NAT reservations make it possible for tproxy to fail early. If NAT reservations are enabled, tproxy registers "reservations" for foreign addresses to be used later. If such a registration fails, that means that the foreign address is already reserved for some other connection. This is why in that case even the setsockopt() call fails. This is good, since it provides you a way of detecting the error.
What I believe is happening is as follows: There is evidence in dmesg that the first SYN packet of the connect() passes through the LOCAL_OUT iptables hooks (I see "ip_tproxy_fn(): new connection, hook=3" and "ip_tproxy_fn(): new connection, hook=4", but for some reason the packet never actually makes it onto the wire.

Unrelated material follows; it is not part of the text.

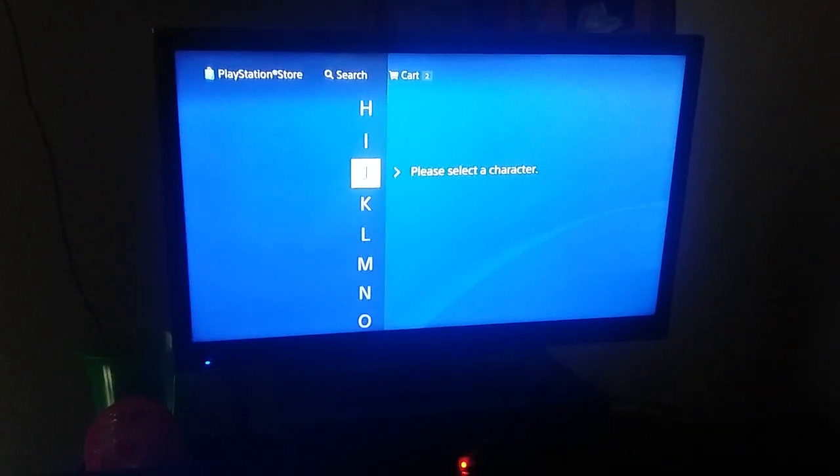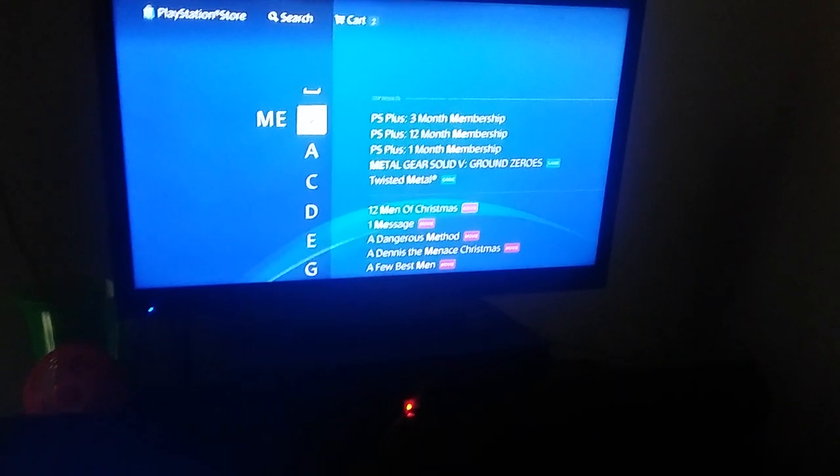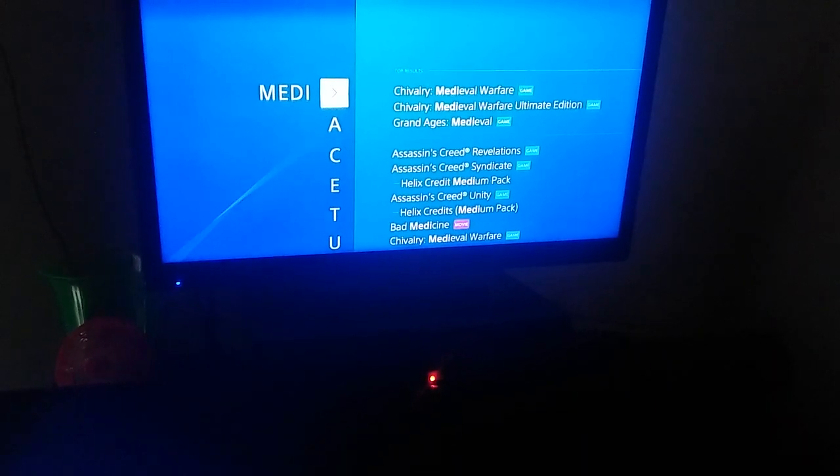Go down and it's gonna be a PlayStation app. It's not a very big app, but it helps, you know. Here it is right here. This is what you're gonna need. It is only 17 megabytes, so it won't take you long.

Don't you have any kind of errors in the kernel logs when this happens? Tproxy could drop the packet, but you should get an error message in that case.

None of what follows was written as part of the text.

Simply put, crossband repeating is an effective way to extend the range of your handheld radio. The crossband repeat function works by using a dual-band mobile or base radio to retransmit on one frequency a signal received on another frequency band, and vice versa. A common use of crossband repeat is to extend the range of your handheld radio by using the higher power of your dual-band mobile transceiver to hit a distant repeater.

I can't see where it goes missing. But anyway, connect() waits 3s and resends the SYN. This time, as the second packet goes through the iptables, for some reason it's not translated. It makes it onto the wire and the rest of the connection proceeds untranslated.
_This_ is strange... Could you send me a tcpdump capture of that traffic and the matching tproxy debug output?
I haven't been able to progress much further debugging this, and wondered if you had any ideas? My principal concern is that the userspace processes don't receive an error and have no proper way of telling that the connection is going untransparent. Am I making a stupid mistake somewhere?
I have a few recommendations: * Try to avoid explicitly specifying the foreign (fake) port number at all costs. If you assign a foreign port of zero, connection tracking will select a free port number when applying the NAT mapping. This way you won't have such weird problems. * Each and every connection _must_ have unique endpoints. When you run two instances of your client, you'll run into a theoretical problem as well: sometimes you try to establish two TCP connections with exactly the same endpoints. This is clearly invalid, and wouldn't be possible without using tproxy, of course.
One other curious thing here: MUST_BE_READ_LOCKED(&ip_tproxy_lock) in ip_tproxy_relatedct_add() fails. Could this be related in any way?
Not really, that call is completely bogus IMHO. We probably don't need that check there, I'll remove it.
Finally, what is the purpose of the new CONFIG_IP_NF_NAT_NRES option?
See above. :) -- Regards, Krisztian KOVACS